If you have more than a few hundred transactions or any DeFi activity, yes. Manual spreadsheet tax preparation for a moderately active year can consume an entire weekend. Koinly costs $99 for the Hodler plan which covers 1,000 transactions. The time saved - often 15+ hours per tax season - typically justifies the cost. The free tier lets users see their full report before paying.
The initial import depends on how many sources you have. For a typical user with two or three exchanges and a couple wallets, expect 20-30 minutes to connect everything. Syncing happens automatically after that. Reviewing and fixing errors adds another hour or two depending on your transaction complexity. I usually block out an afternoon when I first set up each tax year.

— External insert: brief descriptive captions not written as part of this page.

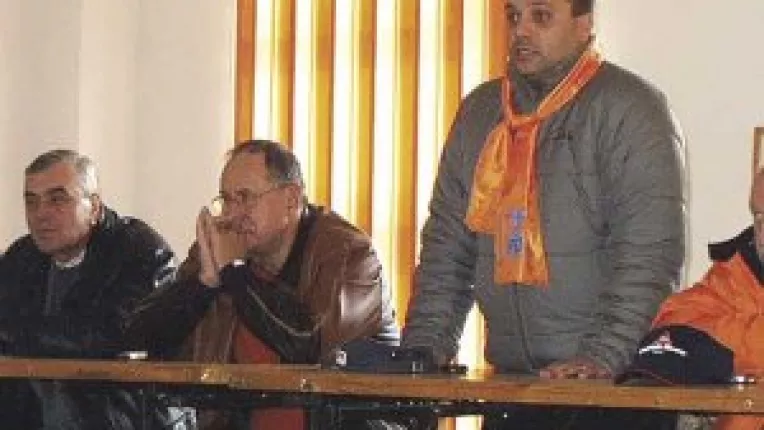 "Dati o sansa tineretului"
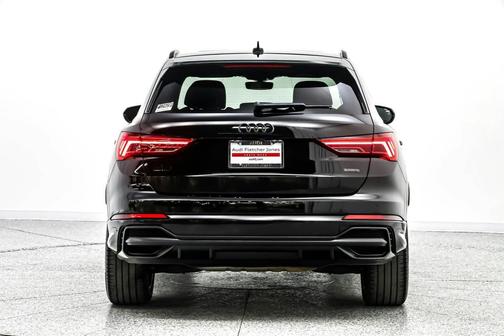 Mythos Black Metallic 2022 Audi Q3 45 S line Premium Plus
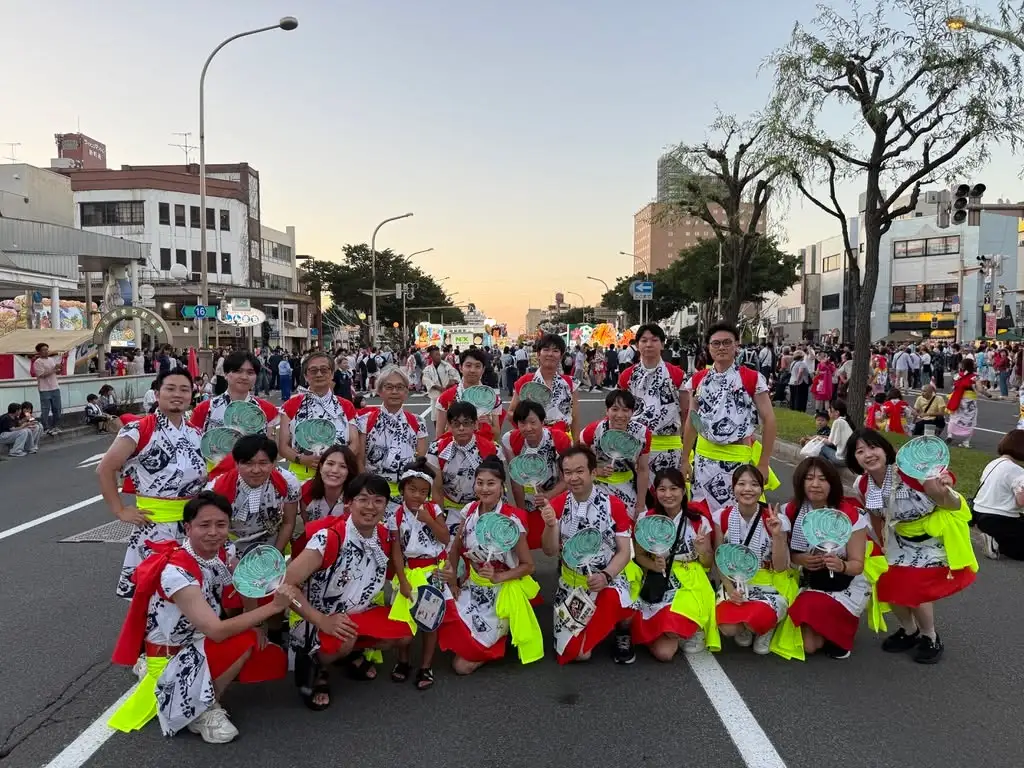 ねぶた祭りに参加したLightblueのメンバーとお客様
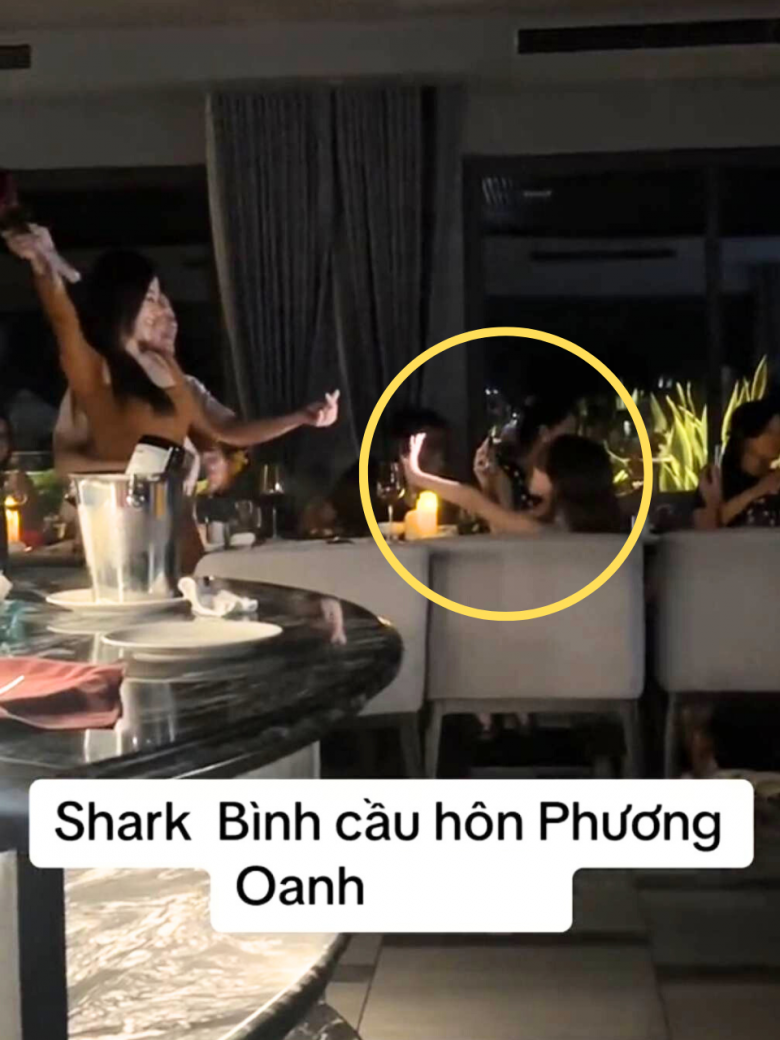 Từ đầu đến cuối màn cầu hôn, con gái riêng của Shark Bình là người chứng kiến, quay lại khoảnh khắc ngọt ngào trên.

Yes, Koinly tracks NFT purchases, sales, and gas fees. Connect an Ethereum wallet and Koinly imports OpenSea and other marketplace transactions, then calculates the gain or loss on each sale. It also handles minting events — treating the gas cost plus any mint price as the cost basis. For anyone managing DeFi-heavy portfolios where spreadsheet tracking breaks down, the NFT support is a material differentiator.
Ultimately, you are responsible for your tax filing, not Koinly. That said, the software is just calculating based on the data you provide - it does not make judgment calls about tax law. Always review your reports before filing and consider having an accountant check your work if you have significant gains. Koinly gives you the raw data and calculations, but the final responsibility is yours.
Yes, Koinly has a CPA or accountant access feature. You can invite your tax professional to view your account with read-only access. They can see all your transactions, reports, and calculations without being able to modify anything. I share access with my accountant every year so she can review my crypto activity directly instead of me trying to explain it over email.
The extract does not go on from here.